_WORK REQUEST_
Only the lines below from the one containing "Jonathan Adler - Balloon Vase White Medium 3" through the one containing "Hình ảnh mới" belong in the answer, repeated exactly and without pictures.

_DATA_
-------

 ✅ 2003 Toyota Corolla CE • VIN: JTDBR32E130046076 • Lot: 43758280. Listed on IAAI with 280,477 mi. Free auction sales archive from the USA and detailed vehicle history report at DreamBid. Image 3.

-------

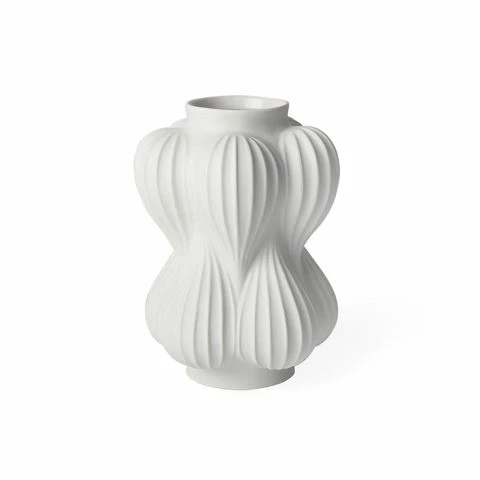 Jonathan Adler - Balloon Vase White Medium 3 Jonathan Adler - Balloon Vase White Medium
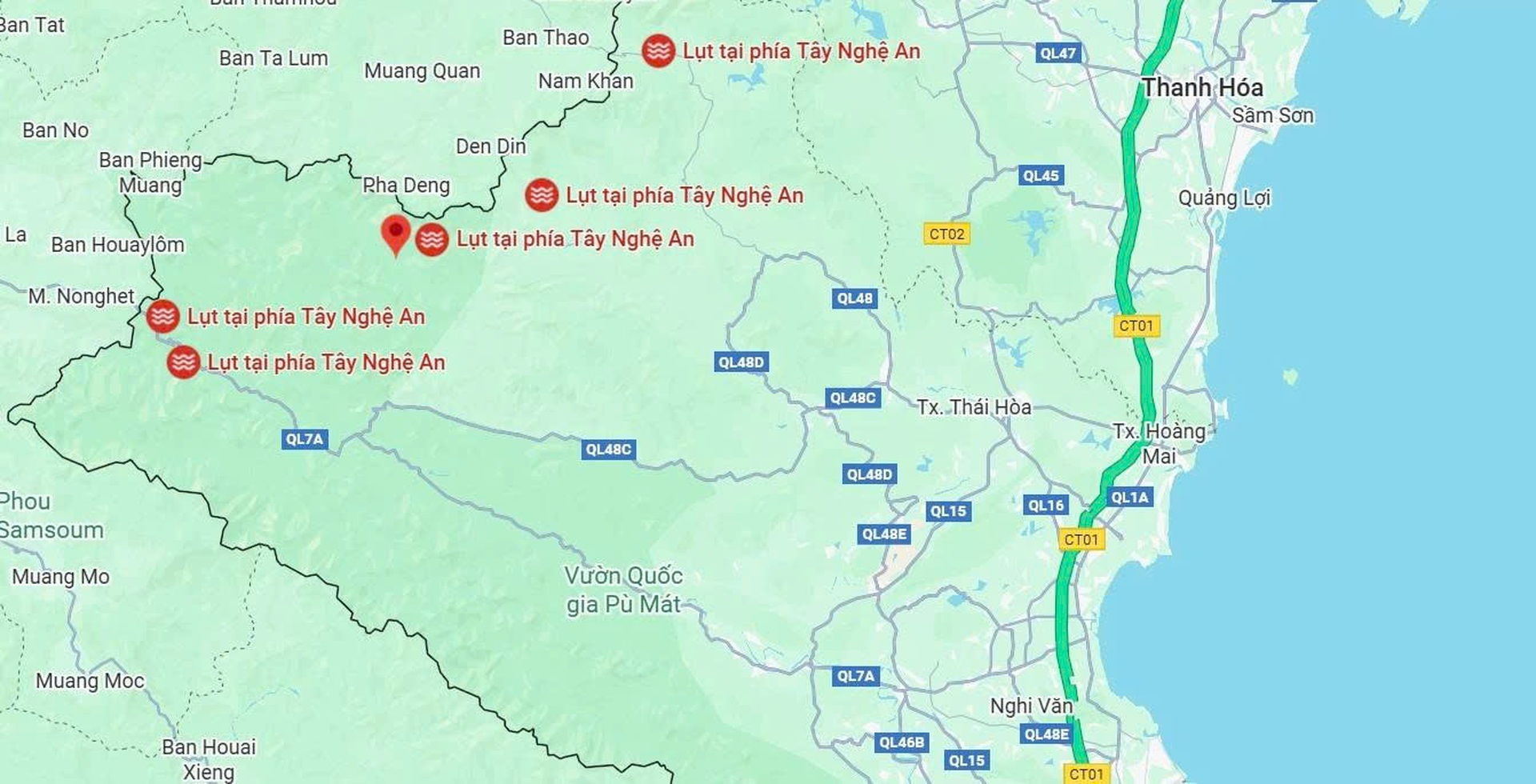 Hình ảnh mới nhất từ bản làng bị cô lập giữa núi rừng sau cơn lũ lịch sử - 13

-------

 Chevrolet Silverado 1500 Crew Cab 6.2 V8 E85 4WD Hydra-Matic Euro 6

-------

_WRITTEN RESPONSE_
 Jonathan Adler - Balloon Vase White Medium 3 Jonathan Adler - Balloon Vase White Medium
 Hình ảnh mới nhất từ bản làng bị cô lập giữa núi rừng sau cơn lũ lịch sử - 13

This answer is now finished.